Tuesday, July 5, 2011

Quinoa with Dried Cranberries, Apricots, and Pecans

I'm in love with quinoa (pronounce keen-wa). It's healthy, gluten-free, it has protein, it's delicious and it's EASY to make.

This recipe is done in the time it takes to cook the quinoa, barely anytime at all. I don't remember where I found it but it's become a favorite.

Quinoa with Dried Cranberries, Apricots, and Pecans
Yield: 6 servings
2 c fat-free, reduced sodium chicken or vegetable broth or water (I've used both homemade chicken broth and water and haven't found there to be a substantial difference so use what's convenient for you)
1 c quinoa, thoroughly rinsed and drained
Pinch of salt, optional
1/4 c dried cranberries*
1/4 c diced dried apricots
2 T minced fresh thyme leaves
1/4 c finely chopped toasted pecans

In a medium saucepan, bring the broth to a boil. Add the quinoa and salt. 
Reduce heat to low, cover and simmer for 12-15 minutes, until all the liquid is absorbed. Stir the cranberries, apricots and thyme into the hot quinoa. Top with pecans and serve hot or cold. **



Notes: It is important to rinse quinoa very thoroughly before cooking it to avoid a bitter flavor.

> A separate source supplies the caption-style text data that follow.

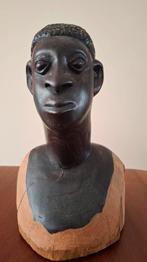 Afrikaanse buste van man houtsnijwerk, Ophalen of Verzenden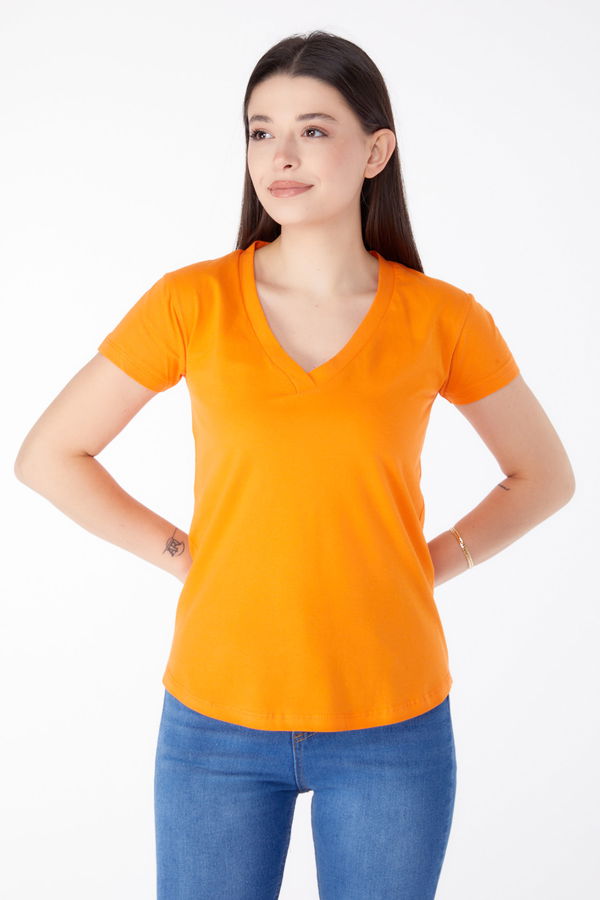V Yaka T-shirt Turuncu - 25326
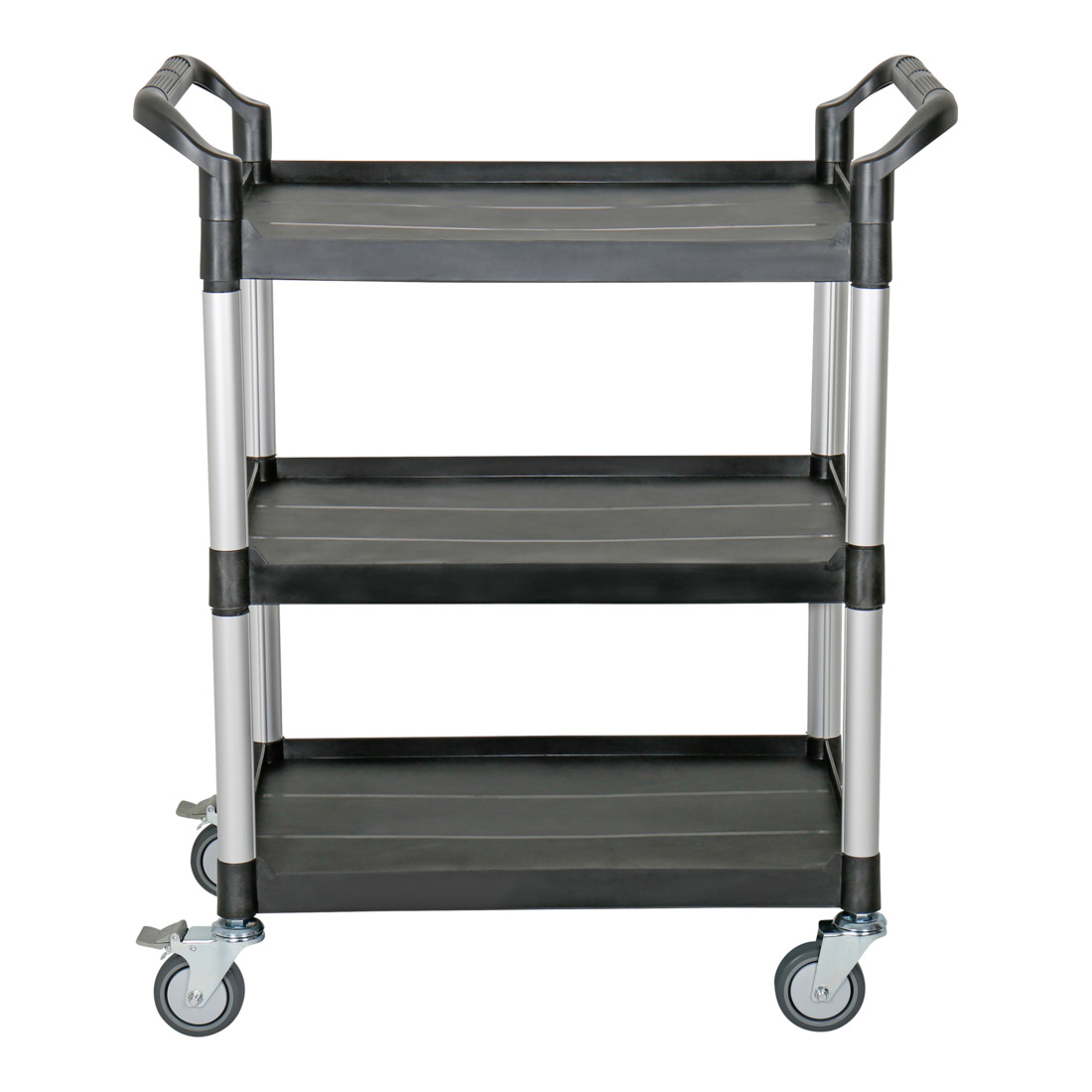 Chariot de service STIER à 3 étagères, 850 mm de long x 480 mm de large x 1000 mm de haut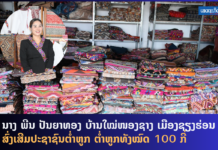 ຕໍ່າແຜ່ນແພຝ້າຍທໍາມະຊາດຍ້ອມສີເປືອກດູ່ລາຍລື້ເຮັດໃຫ້ຄອບຄົວມີລາຍຮັບ 150 ລ້ານກີບຕໍ່ປີ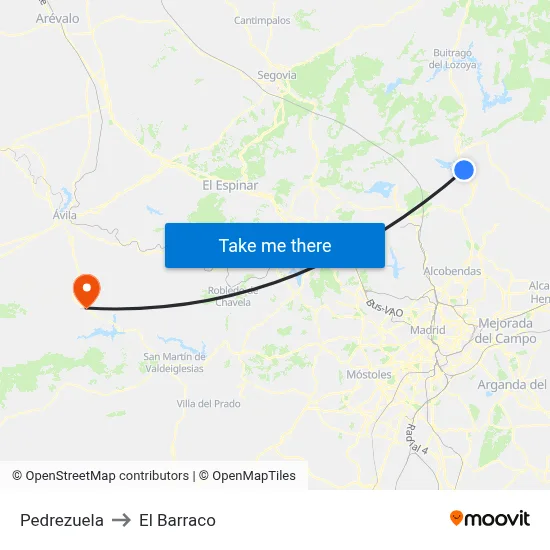 Pedrezuela to El Barraco map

To toast the pecans, put them in a small skillet over med-high heat and stir frequently for 2-3 minutes, until lightly browned. Immediately transfer the nuts to a small dish and cool.
Toasting the nuts adds a great dimension to the dish but if you're short on time or simply lazy, it tastes great without toasting the nuts first.



* The last time I made this, I realized too late that I didn't have dried cranberries on hand so I substituted dried cherries; terrific!

** I often chop & measure the apricots, cranberries & pecans ahead of time and store in a container. Once the quinoa is done, I empty the container into the cooking pan, add the fresh thyme, stir and put into a serving dish.